[Task requirements]:
Search the records for "House". Report every line where it occurs.

════════

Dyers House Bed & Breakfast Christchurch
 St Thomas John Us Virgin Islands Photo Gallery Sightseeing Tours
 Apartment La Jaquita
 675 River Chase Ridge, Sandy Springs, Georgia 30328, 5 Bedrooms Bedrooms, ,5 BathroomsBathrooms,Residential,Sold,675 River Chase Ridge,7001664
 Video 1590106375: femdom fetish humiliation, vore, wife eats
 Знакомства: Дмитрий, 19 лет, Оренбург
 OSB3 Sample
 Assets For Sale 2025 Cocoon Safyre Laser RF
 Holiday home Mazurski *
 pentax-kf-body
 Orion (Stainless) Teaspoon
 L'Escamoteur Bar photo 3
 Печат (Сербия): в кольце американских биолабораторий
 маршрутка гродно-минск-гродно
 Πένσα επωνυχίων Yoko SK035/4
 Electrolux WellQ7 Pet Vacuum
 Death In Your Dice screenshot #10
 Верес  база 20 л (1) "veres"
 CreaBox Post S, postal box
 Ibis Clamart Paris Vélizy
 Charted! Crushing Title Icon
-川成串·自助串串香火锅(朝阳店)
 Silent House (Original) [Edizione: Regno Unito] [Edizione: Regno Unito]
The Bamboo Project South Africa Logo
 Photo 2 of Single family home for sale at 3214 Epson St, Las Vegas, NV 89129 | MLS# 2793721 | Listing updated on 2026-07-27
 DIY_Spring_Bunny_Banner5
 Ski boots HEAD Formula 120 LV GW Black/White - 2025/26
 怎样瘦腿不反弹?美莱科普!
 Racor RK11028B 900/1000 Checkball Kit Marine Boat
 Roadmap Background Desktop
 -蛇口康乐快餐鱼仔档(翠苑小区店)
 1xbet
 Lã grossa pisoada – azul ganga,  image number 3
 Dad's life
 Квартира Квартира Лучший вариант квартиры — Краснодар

════════

[Result for this exercise]:
Dyers House Bed & Breakfast Christchurch
 Silent House (Original) [Edizione: Regno Unito] [Edizione: Regno Unito]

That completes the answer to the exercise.